In summary, these 3 cases help raise awareness over the differences between repetitive allo‐aggression and primary tics. The potential legal ramifications of such behaviors, which may have different etiologies, should be clearly distinguished from tics and their associations. This also carries the implication that violent and “delinquent” behaviors are not part of the intrinsic tic repertoire, with repercussions on the social perception and stigma attached to TS.

Author Roles

(1) Research project: A. Conception, B. Organization, C. Execution; (2) Manuscript Preparation: A. Writing of the First Draft, B. Review and Critique.

L.K.: 1B, 1C, 2A

T.M.: 1B, 1C, 2B

A.E.C.: 1A, 1B, 2A

A.A.K.: 1B, 1C, 2B

C.G.: 1A, 1B, 2A, 2B

Disclosures

Ethical Compliance Statement

The authors confirm that the publication of the above information, including patient consent, is in accordance with our institutional data protection board. We confirm that the approval of an institutional ethics review board was not required for this work. We confirm that we have read the Journal's position on issues involved in ethical publication and affirm that this work is consistent with those guidelines.
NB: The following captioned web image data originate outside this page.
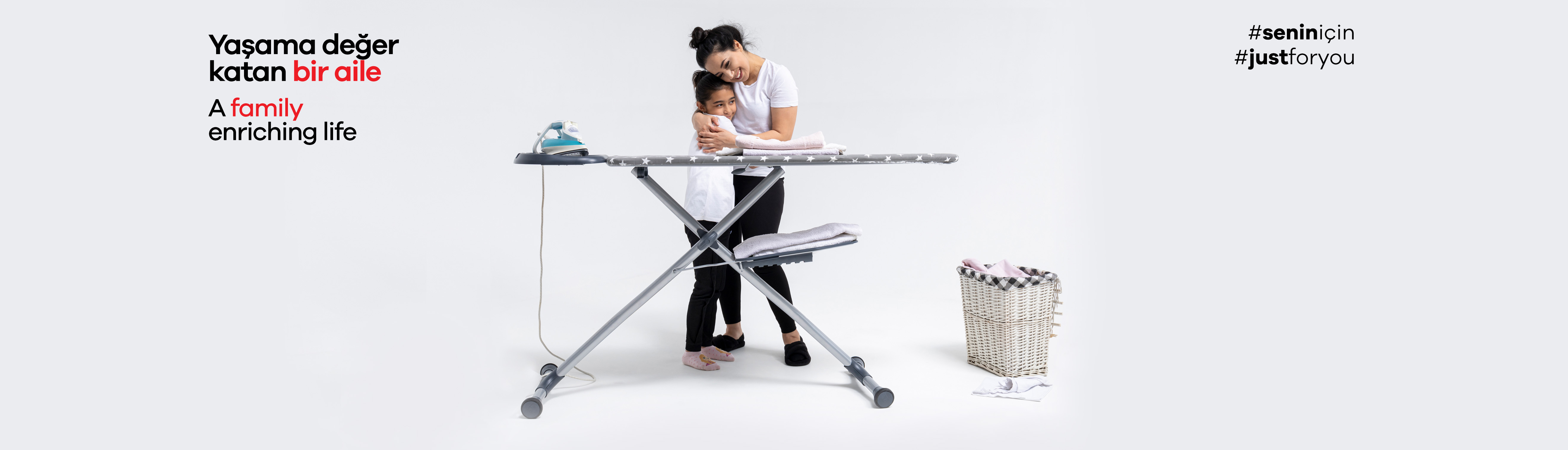 Click for the Best, Strongest and Highest Quality Ironing Board, Clothes Drying Rack, Ladder, Shopping Cart, Silicone Home Appliances, Camping Equipment.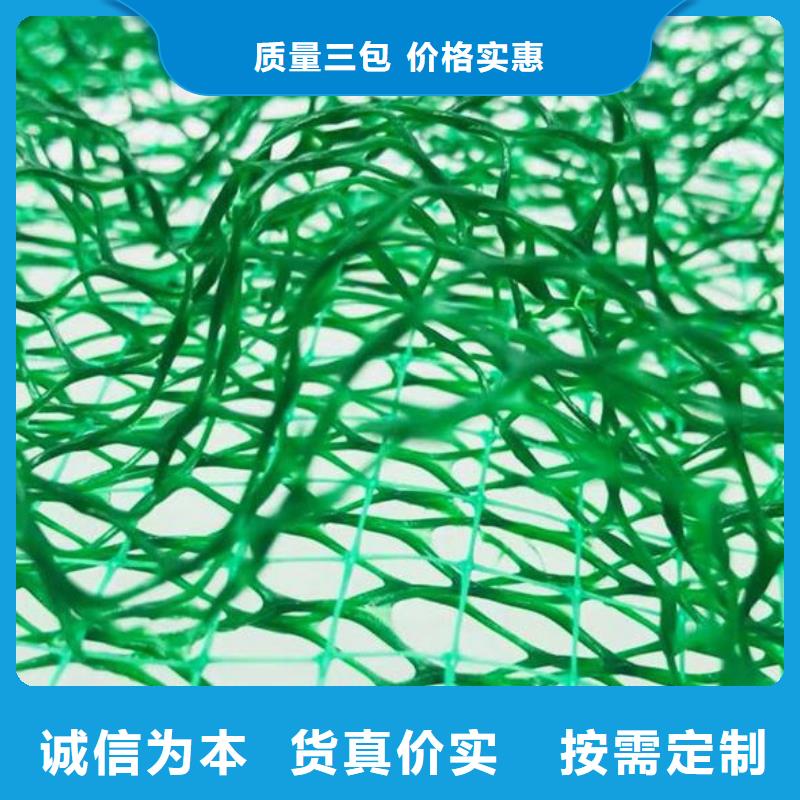 三维植被网_水泥化粪池产地批发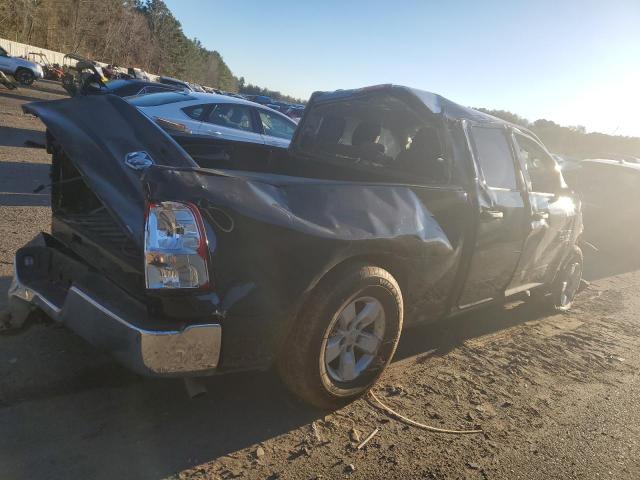 Изображение 3 2022 RAM 1500 CLASSIC TRADESMAN 2022 с VIN 1C6RR6FG6NS154784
Funding Sources and Conflicts of Interest

This research project was supported by a grant from the VolkswagenStiftung (Freigeist) held by C.G. T.M. is a participant in the BIH‐Charité Clinician Scientist Program funded by the Charité‐Universitätsmedizin Berlin and the Berlin Institute of Health. The authors disclose no conflicts of interest regarding this manuscript.

Financial Disclosures for the Previous 12 Months

L.K. has nothing to declare. T.M. receives royalties from Urban Fischer in Elsevier Verlag. A.E.C. has nothing to declare. A.A.K. declares that she is on the advisory board of Boston Scientific and Medtronic and has received honoraria from Boston Scientific, Medtronic, Abbott, Teva und Ipsen. C.G. holds a research grant from the VolkswagenStiftung (Freigeist Fellowship) and has received honoraria from Lundbeck and Actelion pharmaceuticals. TM is a participant in the BIH‐Charité Clinician Scientist Program funded by the Charité‐Universitätsmedizin Berlin and the Berlin Institute of Health.